Era il 25 maggio scorso quando Papa Francesco si trattenne in preghiera, durante la visita in Terra Santa, lungo il muro di cemento armato che divide Israele dalla Palestina. Un grande gesto per un’enorme illusione. Un sogno nuovamente infranto dal rapimento e l’uccisione, quasi certamente per vendetta, del giovane palestinese Mohammed Abu Khedir. Una violenta risposta al triplice assassinio dei giovani israeliani rapiti e poi trovati cadaveri in Cisgiordania.
Questa è l’unica risposta che probabilmente i leader politici hanno insegnato ai due popoli nel difficile percorso di comprensione reciproca. In queste ore, oltre al commiato dalle giovani vittime israeliane e palestinesi, andrebbe celebrata la morte del processo di pace in Medio Oriente.
Sono riprese le dichiarazioni durissime dei leader politici e spirituali. Sono riniziati i bombardamenti delle forze aeree israeliane. È ricominciato a scorrere il sangue a Geruslamemme con scontri fra giovani arabi e soldati israeliani. Alemo 50 i feriti, tutti palestinesi. I disordini sono scoppiati appena rese note le generalità di Mohammed, assassinato a 17 anni. Frombole, fionde, molotov, copertoni incendiati lacrimogeni e proiettili di gomma. Così si vive da ieri in Shuafat Road, una strada a Gerusalemme Est.

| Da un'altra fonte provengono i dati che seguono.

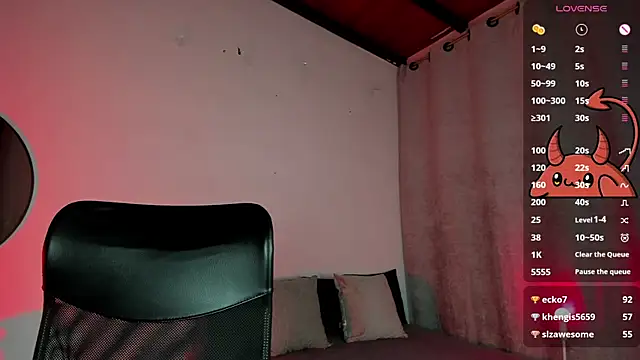 LilithMadness online show from March 9, 2025, 9:46 am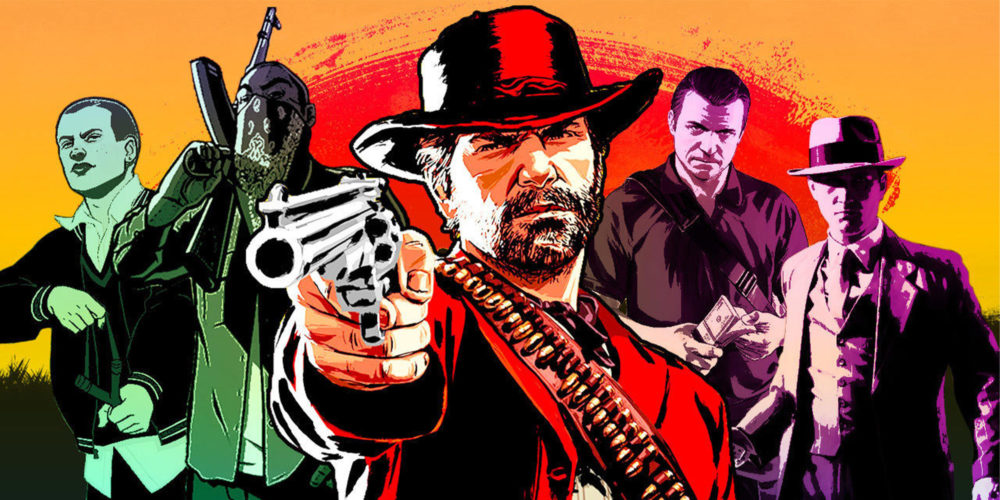 آینده بازیهای GTA و Red Dead Redemption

Intanto continuano a emergere particolari raccapriccianti sugli scontri e sulle morti degli ultimi giorni. Pare che, per rappresaglia, coloni ebrei partano con le auto alla ricerca di giovani arabi da eliminare. Azioni degne da squadracce d’altri tempi. La violenza non ha colore politico. È l’offesa più grave che si possa rivolgere alla ragione, al dialogo e all’integrazione. Mentre mezza Gerusalemme è in battaglia i genitori di Naftali Frenkel, al funerale del figlio, gridano dolore ma anche indignazione per la morte del giovane palestinese.